──────── Source material
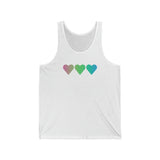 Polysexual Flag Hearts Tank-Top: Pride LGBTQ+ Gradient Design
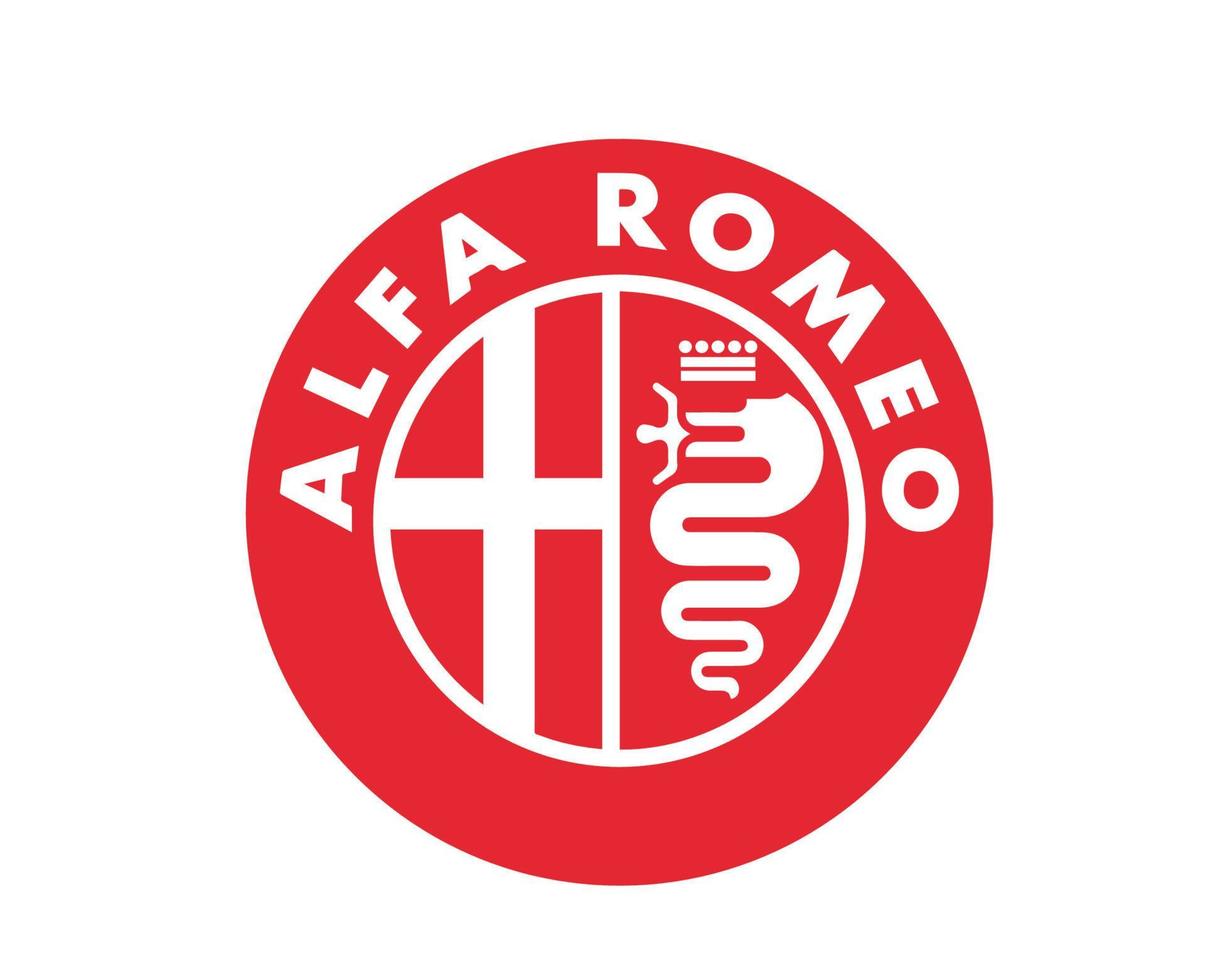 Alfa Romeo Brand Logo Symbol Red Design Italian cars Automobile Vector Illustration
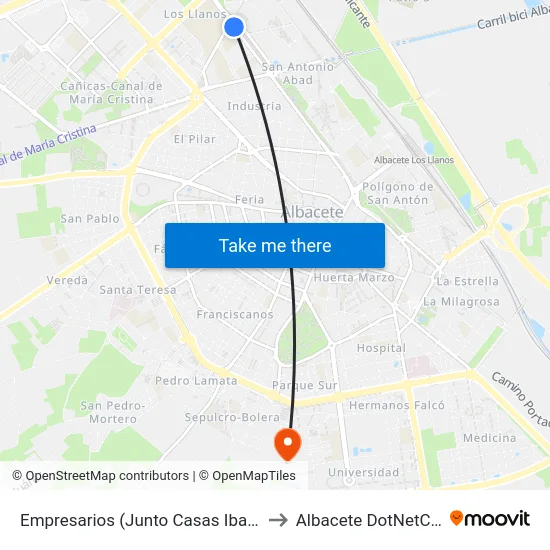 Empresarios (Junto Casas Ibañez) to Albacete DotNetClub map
────────────────
Description of the task: Leave the images out and give the rest of the data again exactly.

Exercise output:
 Polysexual Flag Hearts Tank-Top: Pride LGBTQ+ Gradient Design
 Alfa Romeo Brand Logo Symbol Red Design Italian cars Automobile Vector Illustration
 Empresarios (Junto Casas Ibañez) to Albacete DotNetClub map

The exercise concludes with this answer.